Multiple roles per credential

Not supported

Dynamic topic variables in permission topic filters

Not supported

Permission Fields (Starter and Enterprise)

On Serverless, a permission is a single selection (Publish Only, Subscribe Only, or Publish and Subscribe) applied to all topics (#).

On Starter and Enterprise, each custom permission configures the following fields:

Field Required Description

Topic Filter

Yes

Any valid MQTT topic filter. Wildcards + (single level) and # (multi-level) are supported.

Activity

Yes

One or both of: Publish, Subscribe.

QoS levels

Yes

One or more of: QoS 0, QoS 1, QoS 2. The permission applies only to the selected levels.

Retained messages

No

Whether the client may publish retained messages. Applies to publish permissions only.

Shared subscription group

No

Whether the client may join a shared subscription. If enabled, specify a group name or # to match all groups. Applies to subscribe permissions only.

Dynamic Topic Variables (Starter and Enterprise)

Dynamic variables in permission topic filters are resolved per-connection at authorization time. They are not supported on Serverless.

Variable Available with Resolved value

${mqtt-clientid}

Any method

The MQTT client ID from the CONNECT packet.

${mqtt-username}

Username and password

The username from the CONNECT packet.

${string-sub}

JWT

The sub claim from the validated JWT.

${string-aud}

JWT

The aud claim from the validated JWT.

${string-iss}

JWT

The iss claim from the validated JWT.

${string-scope}

JWT

The scope claim from the validated JWT.

${string-subject-common-name}

Client certificate

The Common Name (CN) from the certificate subject field.

${string-issuer-common-name}

Client certificate

The Common Name (CN) from the certificate issuer field.

Caching delays

Changes to credentials, permissions, and roles are cached. New values do not take effect immediately.

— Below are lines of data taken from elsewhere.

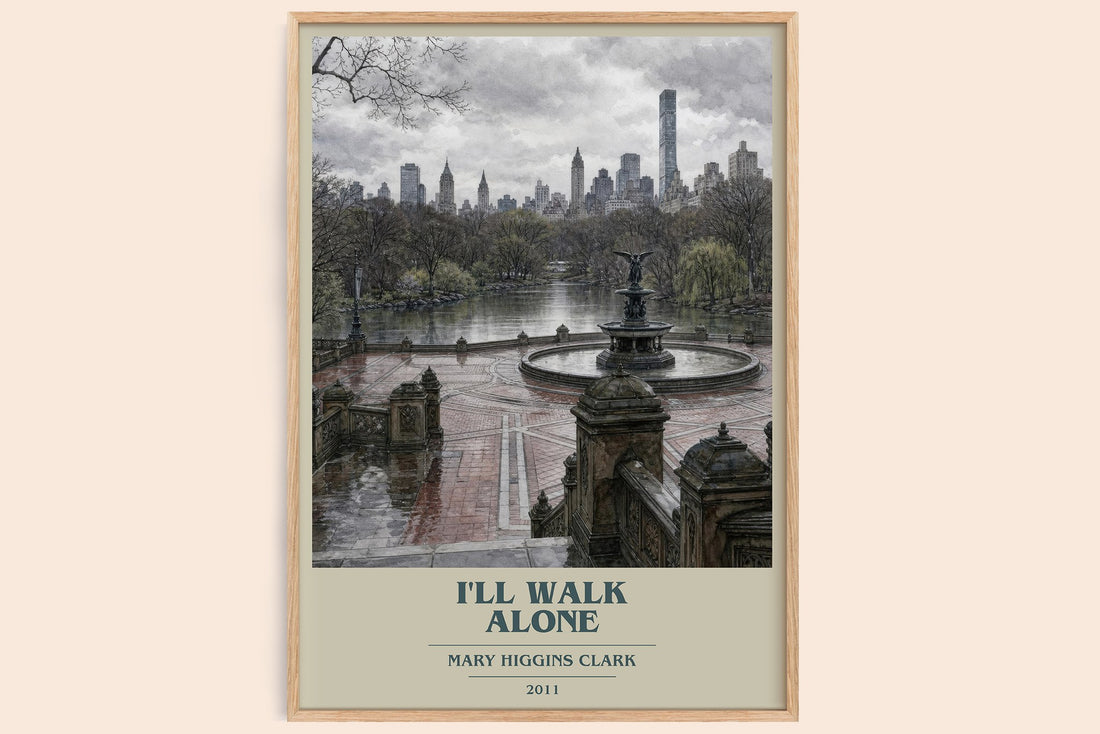 I'll Walk Alone book cover book poster by Mary Higgins Clark – framed literary art print
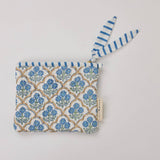 Organic Cotton Zipped Pouch Set 2pk - Floral Indigo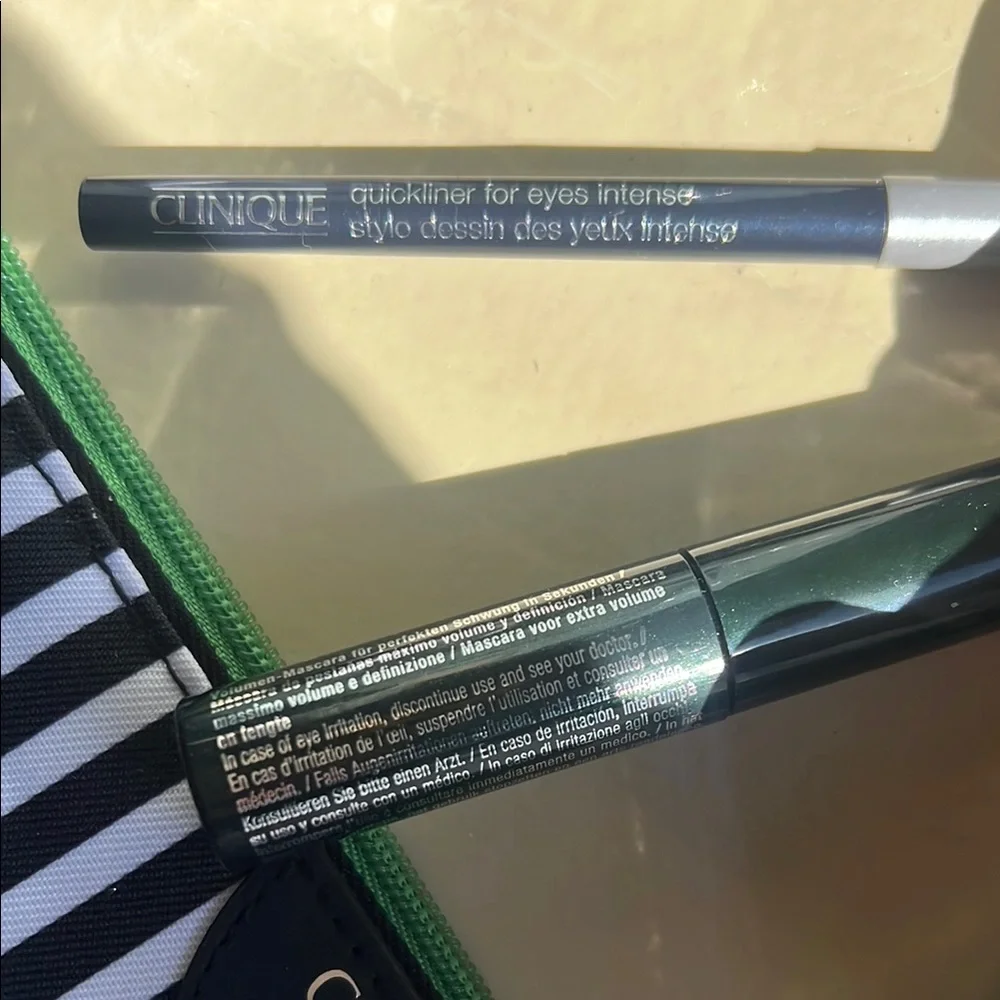 Clinique Black and White Striped Makeup Bag with Skincare Set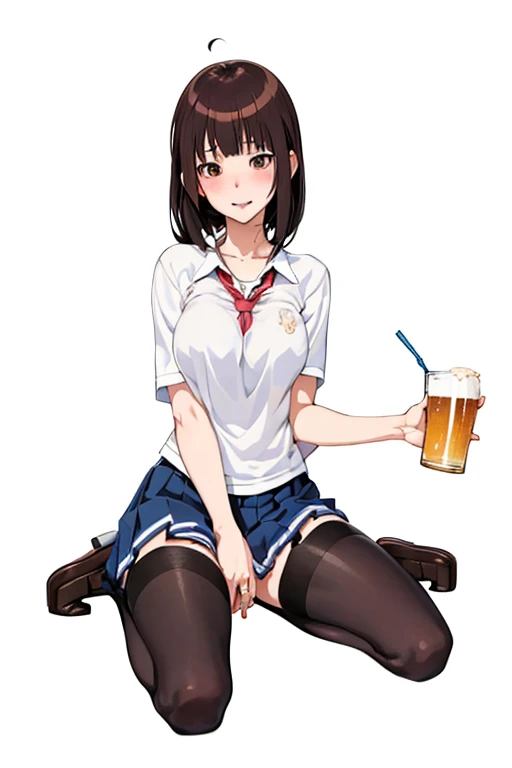 anime girl sitting on the floor，beer in hand, anime cute art style, realistic schoolgirl, have a drink, a hyper-realistic school...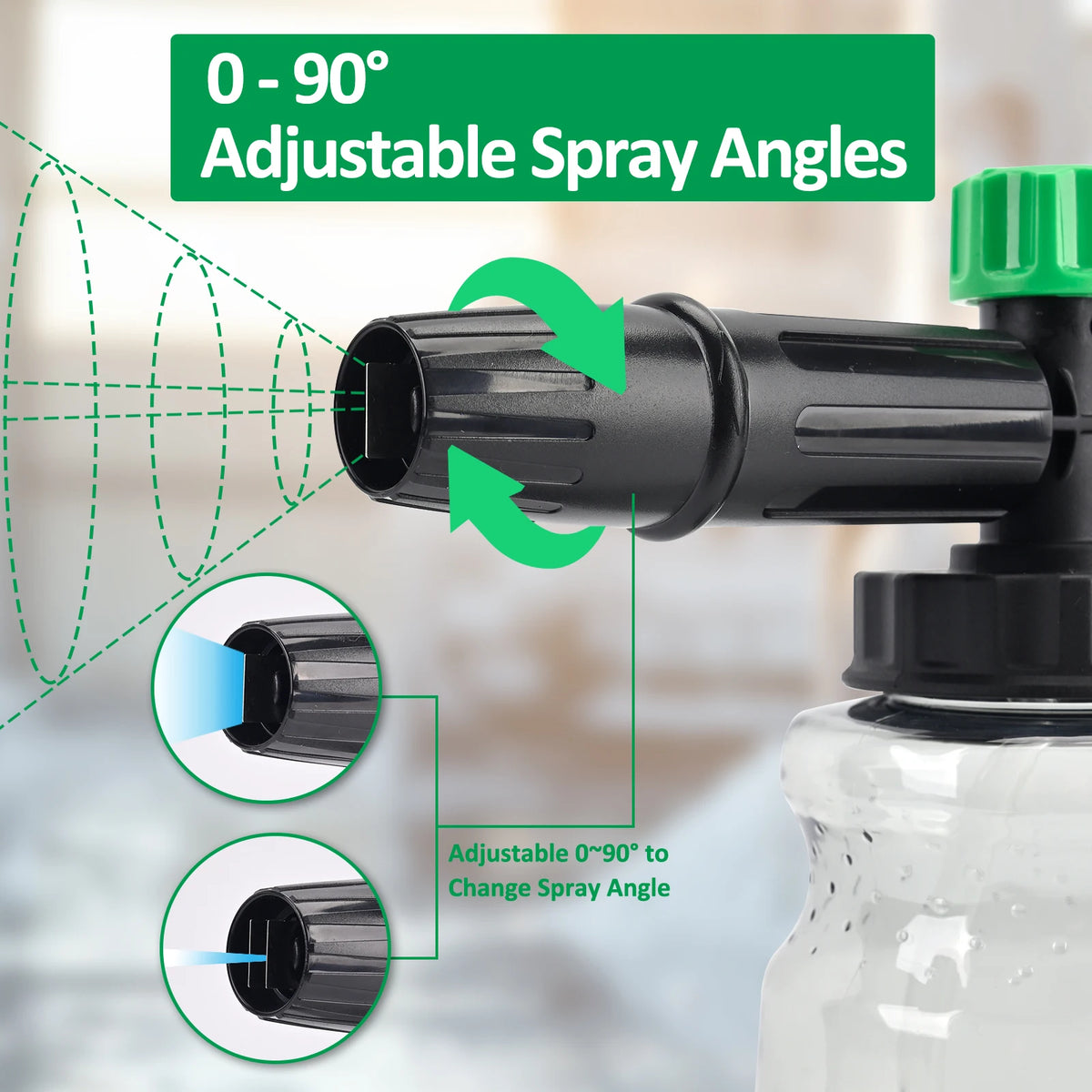 A pressure washer foam cannon with adjustable spray angles is shown, demonstrating 0-90 degree adjustability.
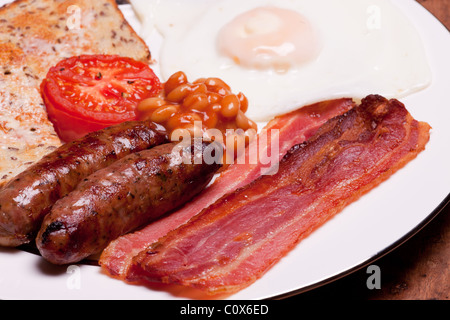vollständiges englisches Frühstück Makro, Nahaufnahme. Stockfoto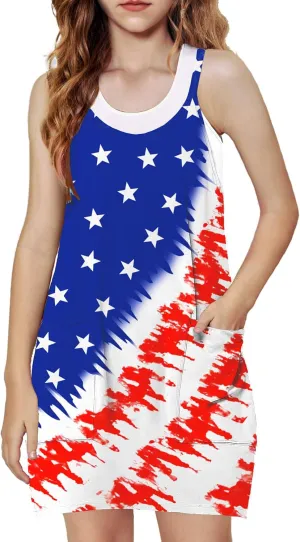 Arshiner Girls Dress with Shorts Casual Summer Spaghetti Straps One Piece Romper Dresses with Pockets for Kid 5-15 Y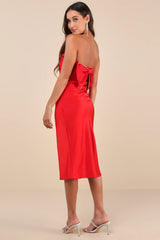Luxe Crush Red Satin Rhinestone Bow Strapless Midi Dress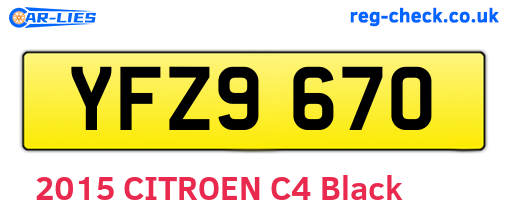 YFZ9670 are the vehicle registration plates.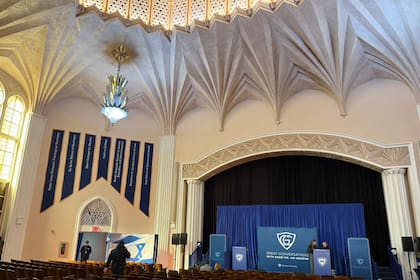 El salón donde expondrá Javier Milei en la Universidad Yeshiva.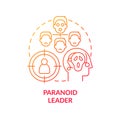 Paranoid leader red gradient concept icon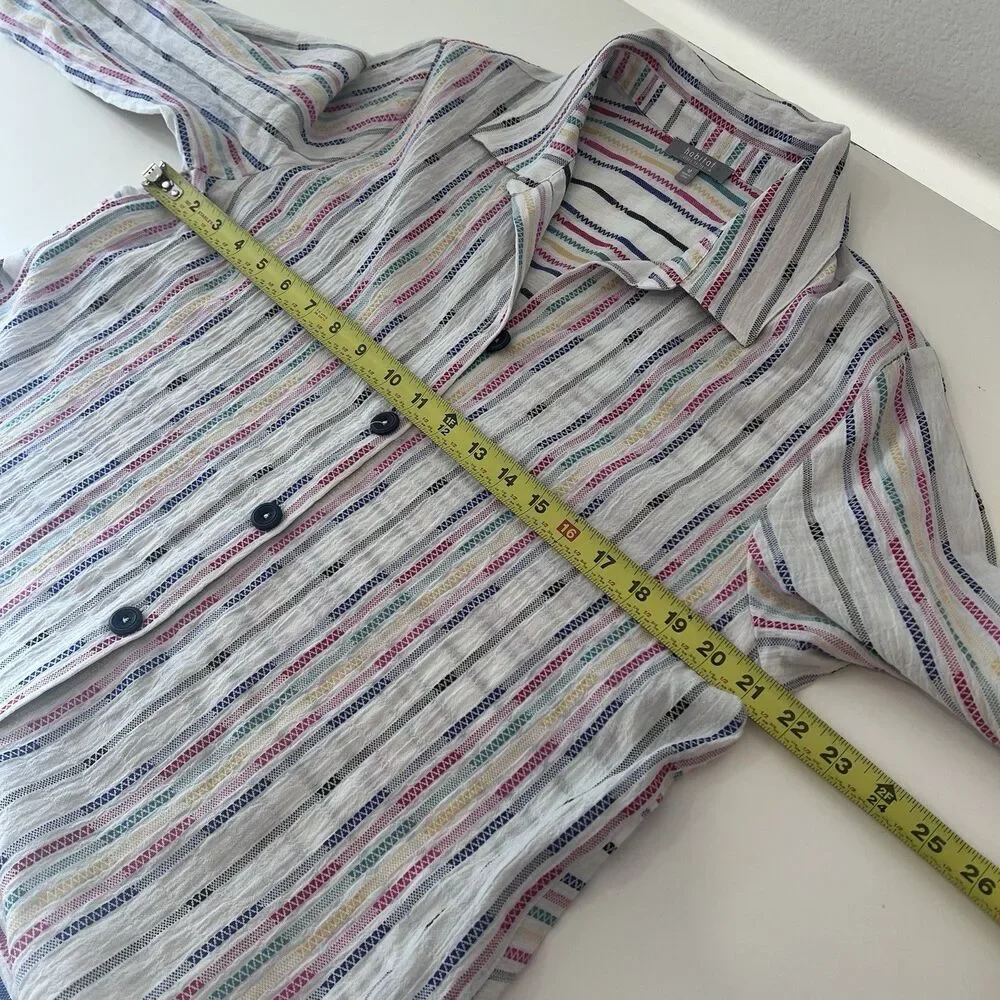 Habitat Shirt Wrap Around Fiesta Weave Tunic Top White Striped M Party Brunch - Picture 8 of 9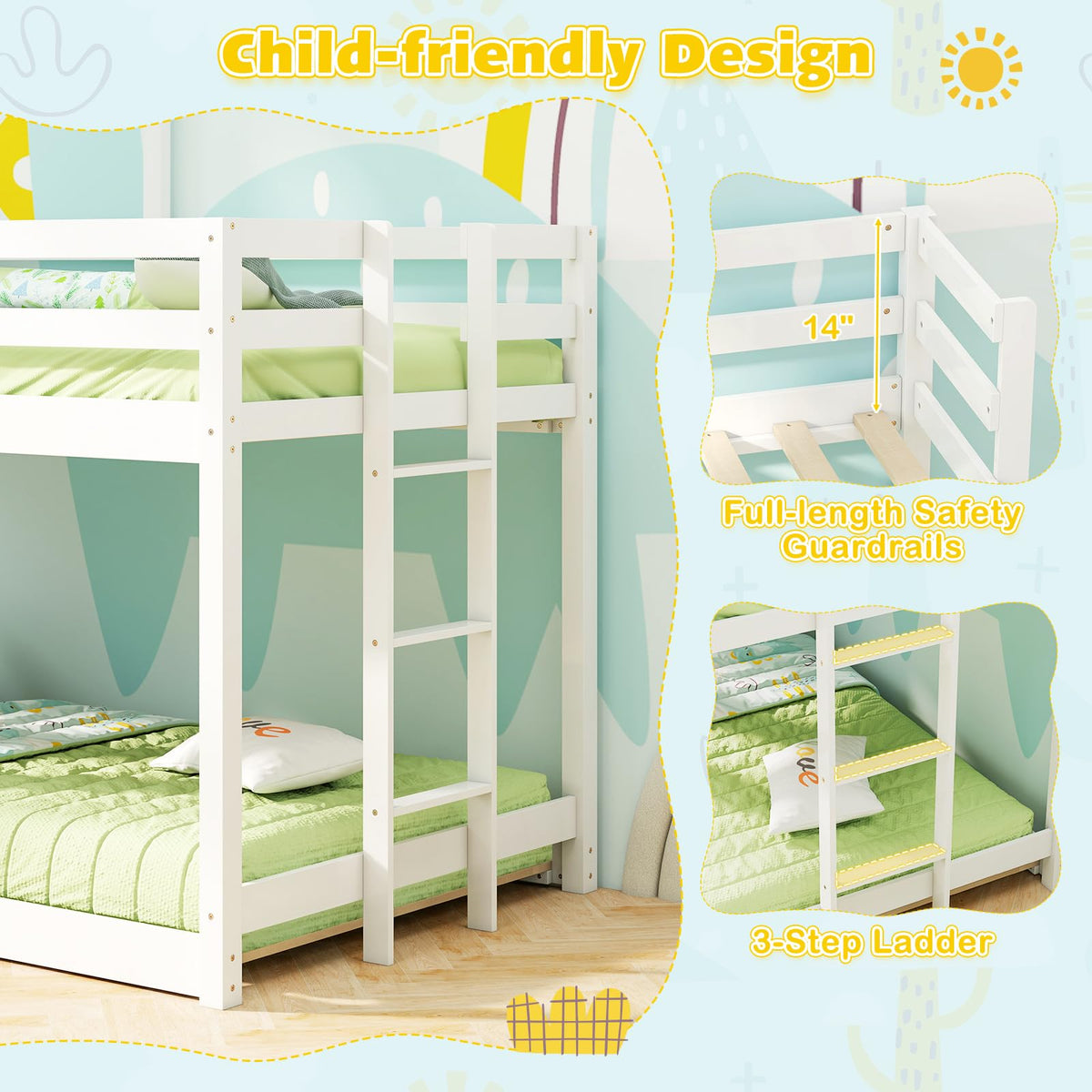 Goflame House Bunk Bed Twin Over Twin, Solid Wood Floor Bunk Bed with Built in Ladder, Window & Safety Guardrail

Change type Serverless Starter Enterprise

Credential changes (add or remove)

Up to 1 minute

Up to 1 minute

Up to 1 minute

Permission changes

Up to 5 minutes

Up to 5 minutes

Up to 5 minutes

Role changes

Not applicable

Up to 24 hours

Up to 24 hours

To force disconnection of clients using stale credentials or permissions before the cache expires, use the HiveMQ Cloud REST API or Control Center.